Il quadro che esce da questi rapporti mostra come la Corea del Nord sia “uno dei regimi autoritari più repressivi al mondo”, dove viene mantenuto costantemente uno dei livelli più bassi di rispetto e difesa dei diritti umani.

Un ambito dove il Regime interviene spesso e in maniera autoritaria, è quello inerente le politiche familiari. Ogni nucleo familiare è obbligato a registrare la nascita di ogni figlio presso la polizia, la polizia segreta e il municipio locale. In seguito a questa registrazione, il neonato otterrà uno status che sarà uguale a quello detenuto dal padre ovvero “speciale”, “nucleo”, “base”, “complesso” o “ostile”.

In base allo status, sarà deciso il destino del bambino quindi il luogo in cui vivrà, se potrà far parte del Partito dei lavoratori e in quale università dovrà andare a studiare. La residenza determina anche la libertà di movimento di ogni cittadino: chi non vive a Pyongyang infatti non può uscire dal paese senza prima essere stato autorizzato dallo Stato.

Proprio l’istruzione è lo strumento più utilizzato per instillare la fedeltà al Regime nei cittadini nordcoreani e ciò avviene sin da quando hanno 5 anni. In questo modo plasmano il sistema educativo in base alla propaganda di partito.

Sin dall’istruzione primaria, si insegna il massimo rispetto (tanto da sconfinare, a volte, in una vera e propria “adorazione”) nei confronti delle due figure politiche più importanti: Kim Jong Un, l’attuale leader supremo, e Kim Il Sung, fondatore della Corea del Nord. Inoltre nella scuola primaria, la cosiddetta “scuola del popolo”, una delle materie più importanti è l’etica socialista.

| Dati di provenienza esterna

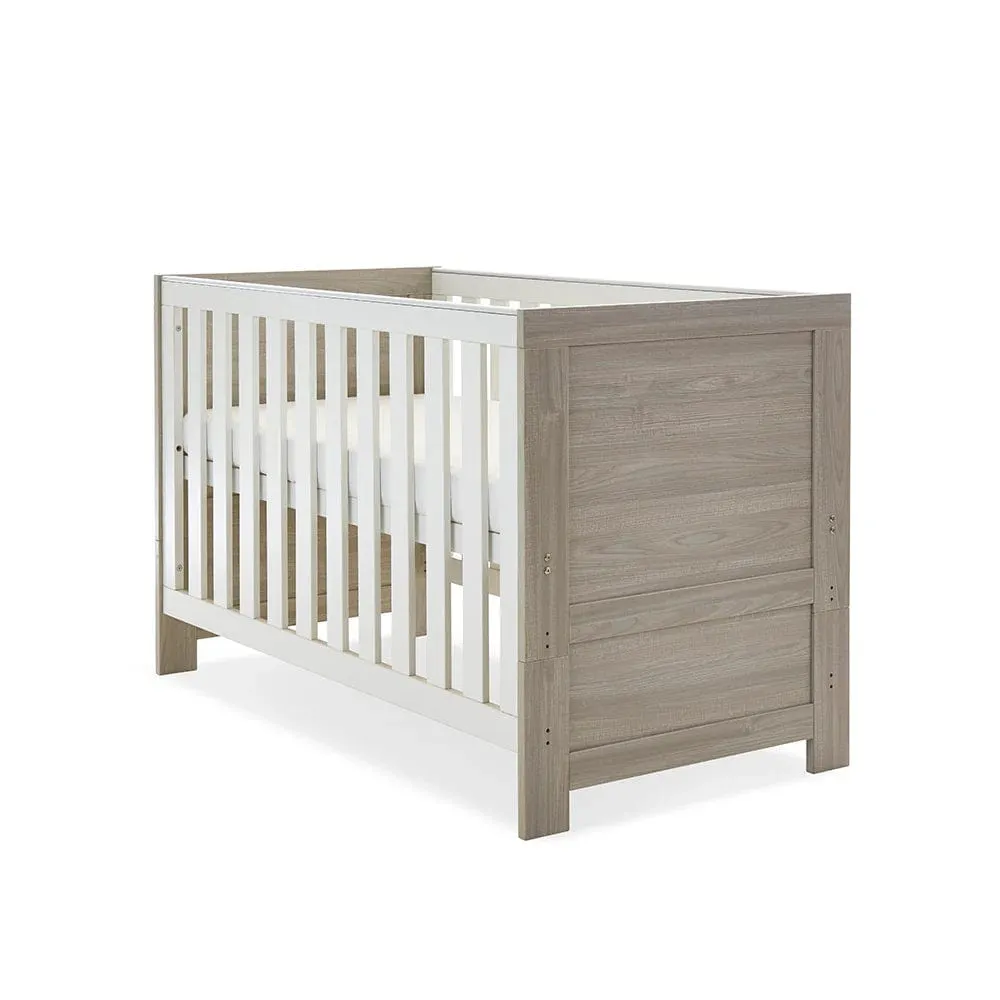 OBaby Nika Mini 3 Piece Room Set - Grey Wash & White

Il Partito dei lavoratori della Corea ha un ruolo fondamentale nella vita del Paese tanto che non si può considerare solo un partito, sarebbe riduttivo visto che somiglia più a un’organizzazione burocratica che determina e condiziona la vita di chi decide di entrarne a far parte. Infatti chi decide di arruolarsi, diventerà automaticamente un membro della elité e sarà esentato dallo svolgere lavori pesanti.

L’arrivo di Kim Jong-un, nel 2012, ha ridotto ancora di più la circolazione di informazioni così da rendere la Corea del Nord un regime totalitario: infatti l’agenzia centrale coreana di notizie (KCNA) è l’unica fonte di notizie ufficiali per i media.

Ma molti cittadini non sono soddisfatti delle loro condizioni di vita tanto che negli ultimi 20 anni decine di miglia di cittadini hanno abbandonato la Corea del Nord. Scappare molto spesso si rivela una scelta controproducente: chi abbandona il Paese, a volte finisce per diventare schiavo in Russia o Cina.

E a quel punto, in molti si trovano di fronte a un bivio: preferire una condizione di schiavitù fisica o ideologica?